The first stone was laid in January 1752. Construction progressed steadily until Carlos de Borbón left the Kingdom of Naples in 1759 to go to Madrid after his half-brother Fernando VI died without issue. Since then, the works began to slow down and when Vanvitelli died in 1773 the palace had not yet been completed. His son Carlo had to continue the work together with a series of other architects trained in the Vanvitelli school.

The visit to the palace, with five floors, includes a tour of the royal apartments, with the impressive throne room used to receive the personalities of the time or a room dedicated exclusively to the tradition of the Neapolitan nativity scene, with several examples that demonstrate the passion that already aroused his representations of the birth in the eighteenth century.

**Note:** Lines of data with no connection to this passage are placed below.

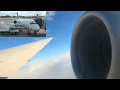 Tripreport Delta Airlines Boeing 717 Charlotte - Minneapolis
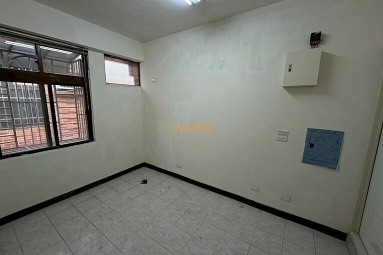 兆基社會住宅🏡靜謐美透天，歡迎租補（第4張）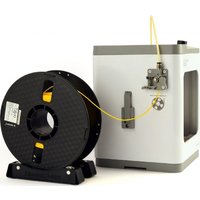 Держатель катушки Gembird 3DP-DESKS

But, in addition to its exuberant rooms, the Reggia of Caserta deserves a stop above all for its royal gardens designed by Vanvitelli, who displayed his facet as an engineer with the sophisticated hydraulic work that carries water along 38 kilometers through the Carolino aqueduct, which for the most part is buried, with a succession of waterfalls, ponds and fountains. It also highlights the English garden so desired by Maria Carolina of Habsburg, sister of Marie Antoinette of France and much more sophisticated than her husband Fernando, who left the ladies of the court without payments to cover the costs of this outdoor space. . Unlike the Italian garden, the Maria Carolina garden is characterized by an apparent natural disorder of water sources and Roman ruins, such as the cryptoportico in the Bath of Venus that has statues brought from the ruins of Herculaneum, next to Pompeii. , which began to be systematically excavated during those years. It was one of the first landscape gardens on the peninsula.

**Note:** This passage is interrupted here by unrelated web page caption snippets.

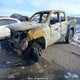 1N6ED1EK8NN681266 2022 Nissan Frontier S/Sv/Pro-4X auction photo thumbnail 2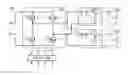 Fig. 01 - Dual-frequency mode transmitter for wireless power transfer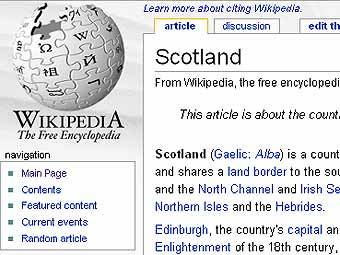    wikipedia.org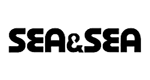 Sea&Sea_Logo
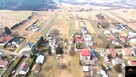 Działka rolno-budowlana Trepcza gm. Sanok - 11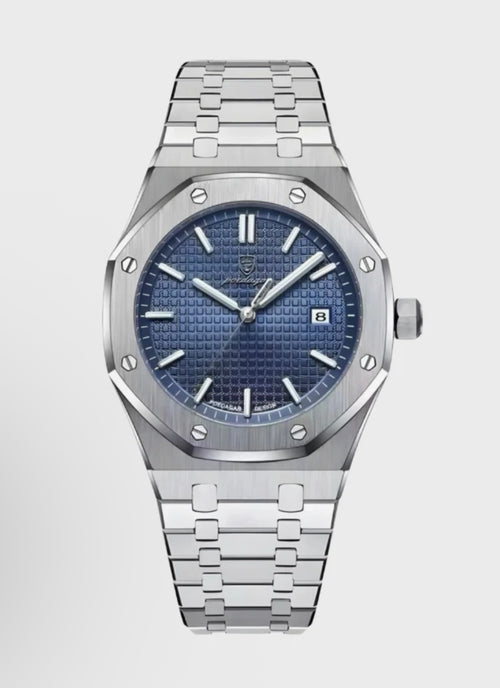 Cavaro classic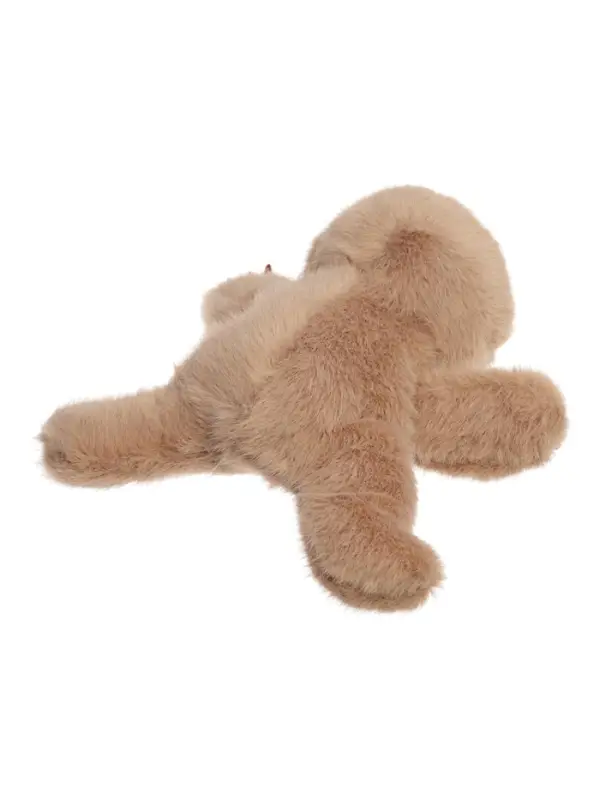 Мягкая игрушка Мягкая игрушка "Ленивец" лапки с магнитами, 15 см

It is the importance of the gardens in the history of Italy that Maffei wants to vindicate now with his exhibition, since he considers that the park of Caserta is “the great forgotten” of the unfinished royal palace. “Today we are giving voice to Vanvitelli’s dream: we are making the theater recover its function, we are studying finishing the never-built staircase, we are reopening corridors, we are giving great importance to the aqueduct and especially to the park,” says the director. For all this they have a substantial cash of 25 million from the recovery plan and another almost 70 million that they are using to restore rooms, open new exhibition spaces or the maintenance and management of green areas. They have also recovered the old vineyards of Fernando IV, entrusting part of the land to a local company that in recent years has dedicated itself to recreating the fresh and fruity white wine that he apparently liked so much and offered at his banquets.

The intention is to attract more visitors – before the pandemic they received 750,000 a year – but above all that those who come here as part of a stage of a trip to Naples or the Amalfi Coast do not come just to spend the day. The territory of Caserta, they consider, has much more to offer. For example, the San Leucio complex, the silk factory of Fernando and María Carolina, which was a unique reality in Europe as it was a space where the entire process of some rich fabrics that came to decorate Buckingham Palace was carried out.